Yes, it really did take me this long to read The Fires of Heaven. (Yes, I really haven’t watched a movie in this long either.) No, it’s not because I suddenly liked the book a lot less than I have liked the previous ones during this re-read. Yes, it spells all-but-certain doom for my hopes of being caught up with the series by the time the last one comes out in three-ish months. Yes, that makes me pretty sad.

But damn, it doesn’t make me as sad as watching Moiraine’s noble-tragic march through the book, every bit as cognizant of the outcome as I am.[1]  It doesn’t make me as melancholy as the loss (in one way or another that is probably not as lossy as you might expect) of three characters I would like to have watched for longer than I got to.
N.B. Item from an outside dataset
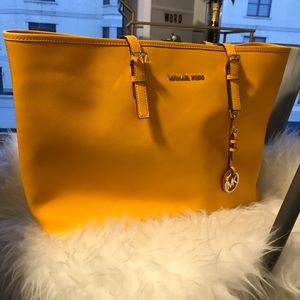 Michael Kors Large Jet Set Tote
The metaphor breaks here, because most of the rest of what I have to say is good. So much of what isn’t melancholy trending toward tragic is ridiculously awesome (Mat finding his place in the world, finally) or downright hilarious (any given scene from Nynaeve’s point of view, and I feel bad relegating her to the hilarious when there is so much awesomeness to be had by her along the way). Plus, this is the first book where we see into the minds of the bad guys in a sincere and meaningful way. Those sections have always been my favorites, I think, once they were not solely the province of Ishamael, the 4,000 year old lunatic.

If I have to pick a character to dislike (and save for Elaida, this is probably my first time in the read), it’s Egwene. Her rise to power is cool in its way, I like how much she is learning and how much she wants to learn, but the way she turned the balance of power on her friends solely to keep them from ratting her out for doing something she had sworn she would not do, and especially for her feeling so gleeful about being able to upset that balance of power for such an ignoble end? Pretty icky, Egwene. Just saying.

[1]I have read this book at least four times, and every one of them (well, okay, not the first one in 1994[2]) I have felt increasingly more sad over the course of her scenes and inevitably become teary by the time Rand is reading her letter.
[2] This was the first book in the series I had to wait to read. I did not have to wait long at all, maybe only a month or so? But I did have to wait.